How the candidates who skipped Iowa are faring in New Hampshire

Both Clark and Lieberman are hoping for a bump, which Clark is getting, though there are risks with the strategy.

Back in his trademark blue suit, red tie, and duck boots, Gen. Wesley Clark doesn't look much like a chess grandmaster.

But as he strides into a packed hall here at the Franklin Pierce Law Center, it's clear this military strategist is riding a wave of momentum, thanks in part to a risky move: opting out of the Iowa caucuses, the first official contest in the nation's now frontloaded and frenzied presidential nominating process.

While most of the major Democratic presidential candidates and national media are focused on the final weekend blitz from Waterloo to Cedar Rapids, General Clark and Sen. Joseph Lieberman of Connecticut have New Hampshire pretty much all to themselves.

For both it was a strategic decision determined by how best to spend limited resources. Mr. Lieberman, with his conservative-centrist stances, was also not a good fit with Iowa's more liberal caucusgoers. Clark, who entered the race only in September, felt that he would have needed to start much earlier in Iowa to be a credible candidate.

Yet their decisions provide a lesson in the quirky dynamics of the presidential nominating process. Skipping Iowa amounts to a calculated risk that could catapult one of them to the front of the pack, or end their candidacies for good.

In 2000, for instance, Arizona Senator John McCain skipped the Iowa caucuses, and stunned the Republican establishment by beating George W. Bush by 19 points in New Hampshire. Bush then went on to trounce him in the South.

"It does say something that the two candidates believed they had little to lose by skipping Iowa, but they also may pay a price for it," says Larry Sabato, a political analyst at the University of Virginia in Charlottesville. "Iowa is now where all the energy is and skipping it could deprive Clark, in particular, of the oxygen he needs to sustain [his momentum.]"

THERE are other risks as well. Iowa is an important swing state, and Iowans are famously proud of their first-in-the-nation status. Skipping it could come back to bite a candidate in the general election. And then there's the perception game. This is a year Democrats are looking first and foremost for a candidate who can beat George Bush. If someone is perceived as so weak that he can't compete in Iowa, that could undermine his credibility in the later primaries.

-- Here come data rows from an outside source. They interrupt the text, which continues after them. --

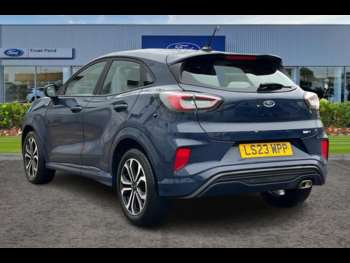 Used Ford Puma 2023 for sale - 74789731: Photo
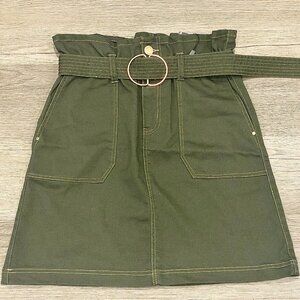 Suko Jeans Skirt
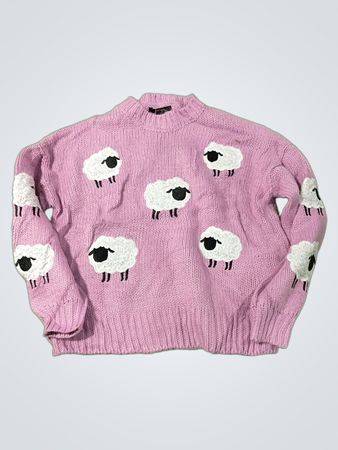 Forever 21 Schaf-Strickpullover
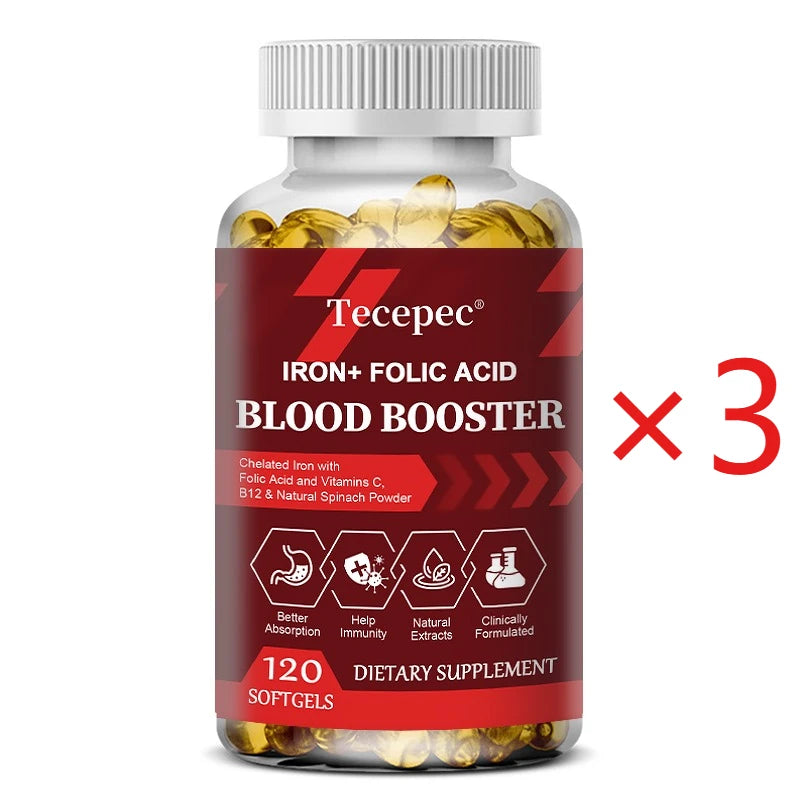 Folic Acid Supplement - Vegan, Non-GMO | Supports Cellular Health, Energy Production & Prenatal Wellness Healthy supplements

And finally, there's the much-vaunted Iowa "big mo" - momentum. A candidate who does surprisingly well in Iowa can jump into the New Hampshire race and upend all of the best laid plans. That's, in fact, what Sen. John Kerry of Massachusetts is hoping for. His once-commanding lead in New Hampshire disappeared long ago, and he's running a mediocre third. So he's been focusing more on Iowa.

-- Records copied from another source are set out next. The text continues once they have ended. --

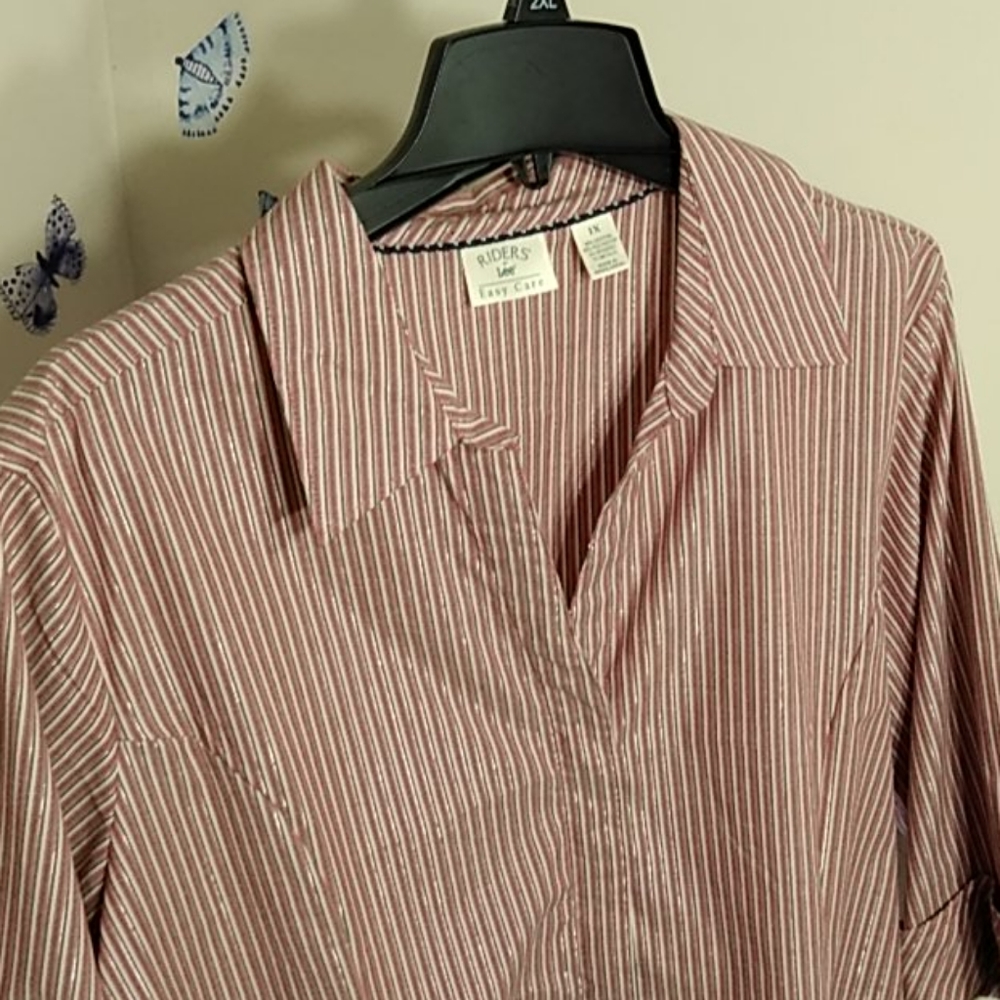 Women's Riders Shirt - Picture 2 of 5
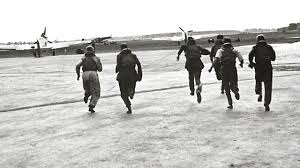 The battle of britain begins, july 10, 1940 n that immortal address to parliament in june of 1940, winston churchill defined the stakes of a battle, one of the few in history named a month before it began: 10 July 1940 This Day In Aviation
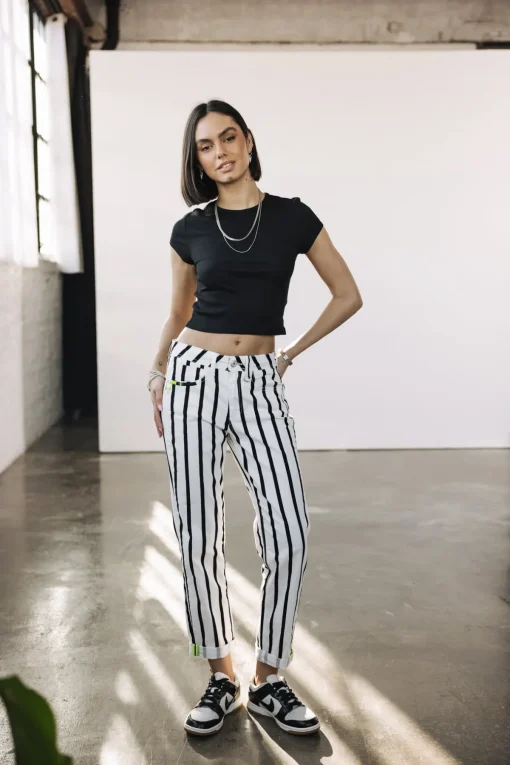 Cropped*Freeman T. Porter Timea Lucky original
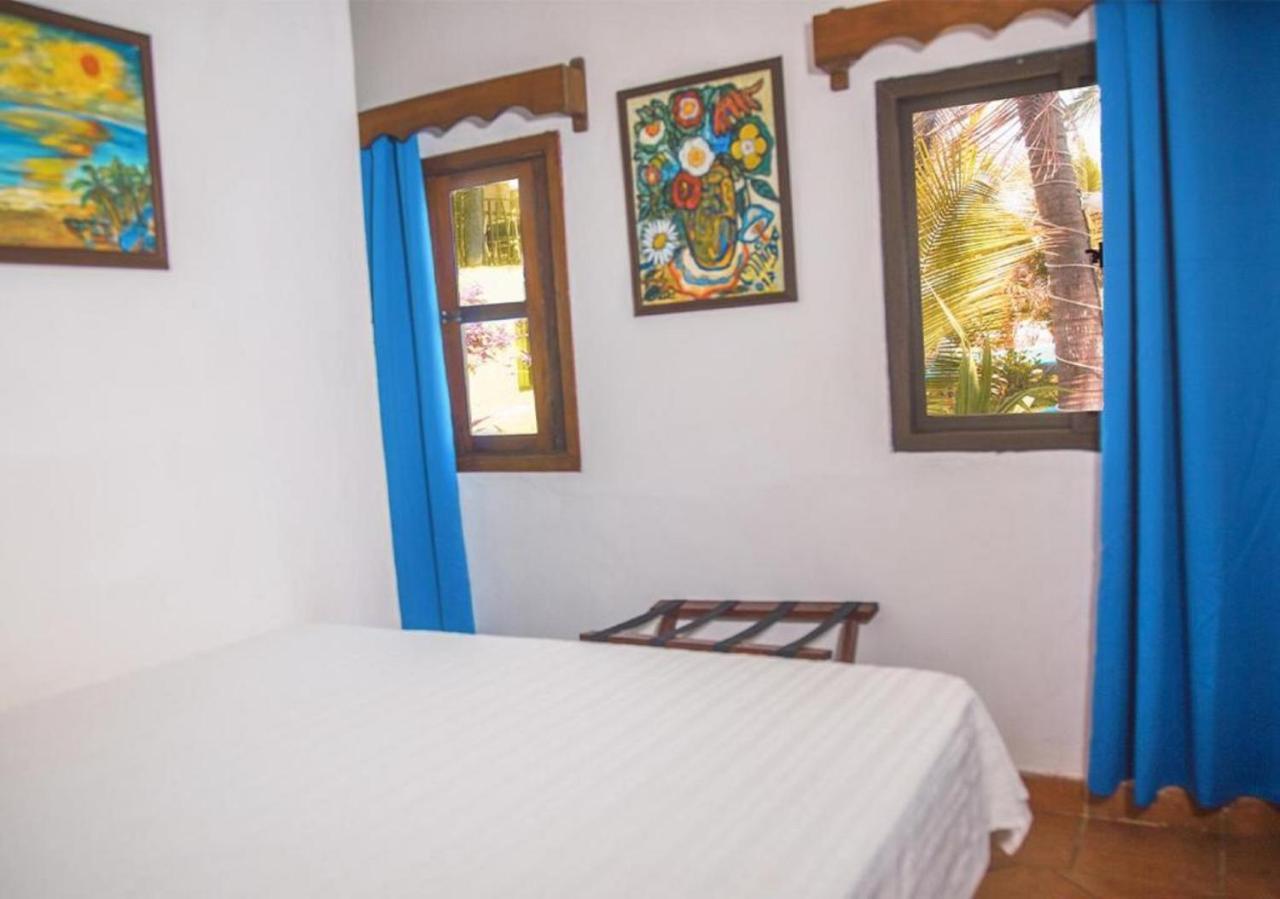Marbella Eco Lodge Monterrico Exterior photo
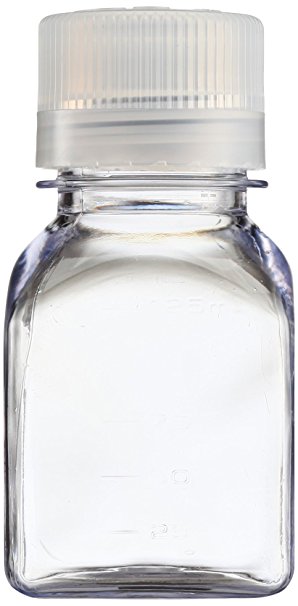 Nalgene Quader bottle, polycarbonate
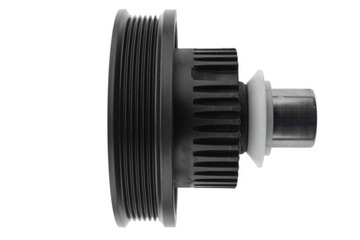 фото thumb №13, Колесо ременное вала коленчатого eng. 4.0 ranger 02-,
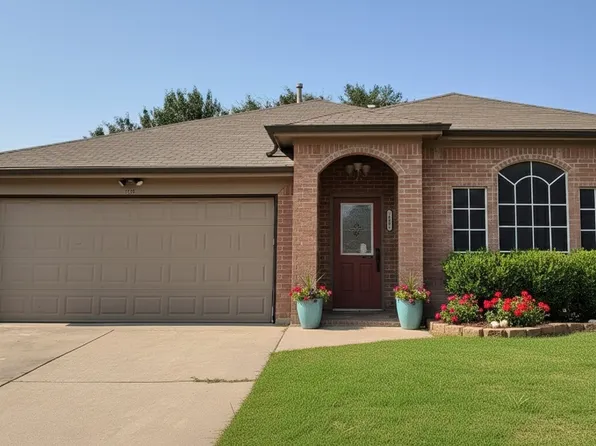 1841 Cedar Tree Dr, Fort Worth, TX 76131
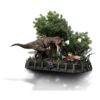 Jurassic Park Demi Art Scale Szobor 1/20 T-Rex Chase 30 cm Jurassic Park Demi Art Scale Szobor 1/20 T-Rex Chase 30 cm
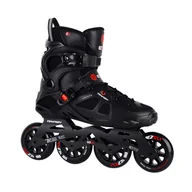 Rolki - Rolki męskie Tempish  Ezza 90 Black  EUR 38 - miniaturka - grafika 1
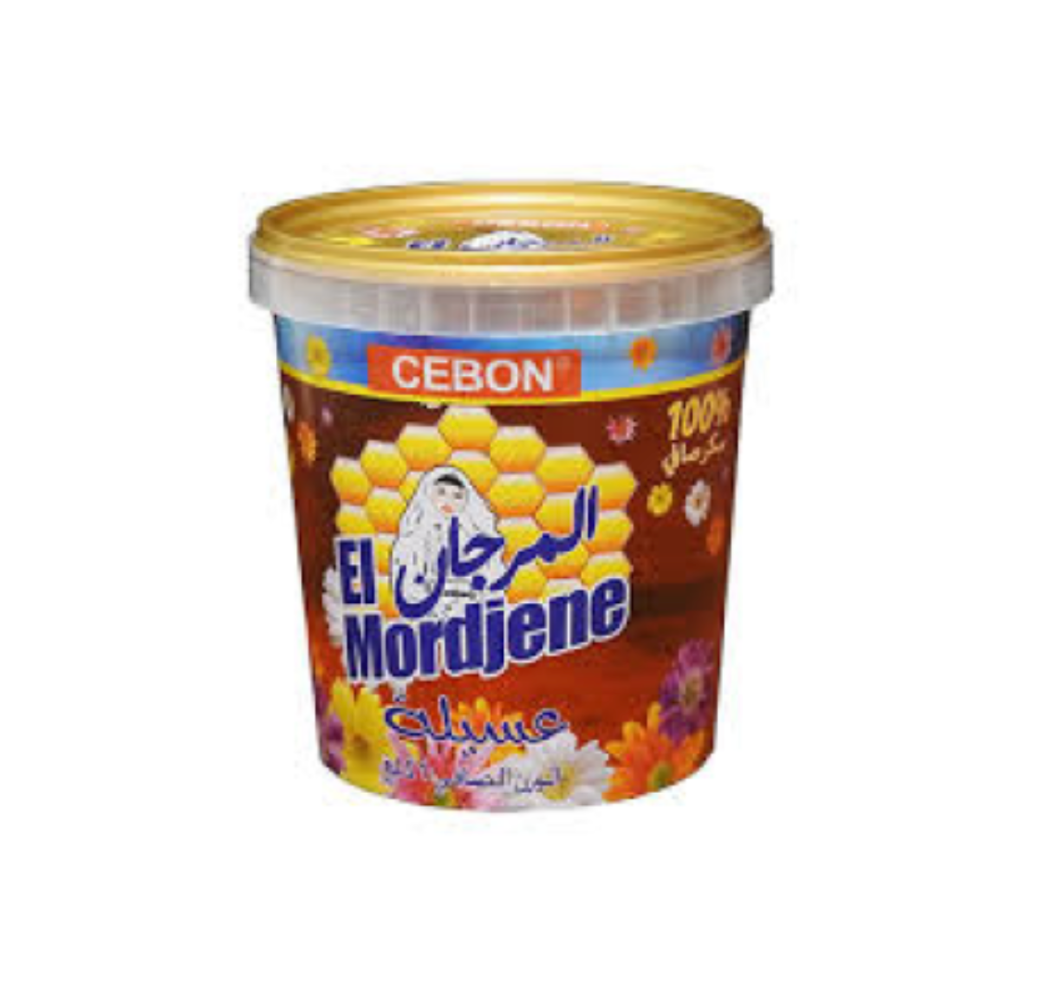 Miel El Mordjene – 2kg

"Kerry's got to beat the expectations game in Iowa in order to do well here," says Jennifer Donahue of the New Hampshire Institute of Politics at Saint Anselm College in Manchester.

But many people in New Hampshire scoff at the informal caucus process as a mere warm-up for their "real" first-in-the-nation primary.

They note pointedly that even though the caucuses have been going on for almost 150 years, they only gained national recognition in the 1970s, when the press started paying attention to them.

People in New Hampshire like activist Bob Shaine, a veteran of 15 presidential primaries, note that New Hampshire is a "true primary, a secret ballot sanctioned by the state" unlike the caucuses which are controlled by the party. Mr. Shaine had been urging his candidate, Joe Lieberman, to forget Iowa for months before he formally opted out in October.

"I wish he'd done it sooner, just from a very pragmatic perspective," says Shaine, standing quietly at the back of a packed house party for Mr. Lieberman outside Manchester this week. "It didn't make any sense to campaign against Gephardt and Dean. Dean has been practically living out there ... for the past two years, and that's Gephardt's natural country."

Shaine, in a green plaid shirt and black-and-white herringbone sports jacket, says Lieberman's money is better spent here, where a surprise come from behind could give the former vice-presidential candidate a springboard to the next primaries. And while Lieberman is still hoping for a surprise, he is languishing in the single digits in the polls here.

So far, Clark has emerged as the biggest beneficiary of this "opting out" strategy. In the past week, he's steadily gained in the polls.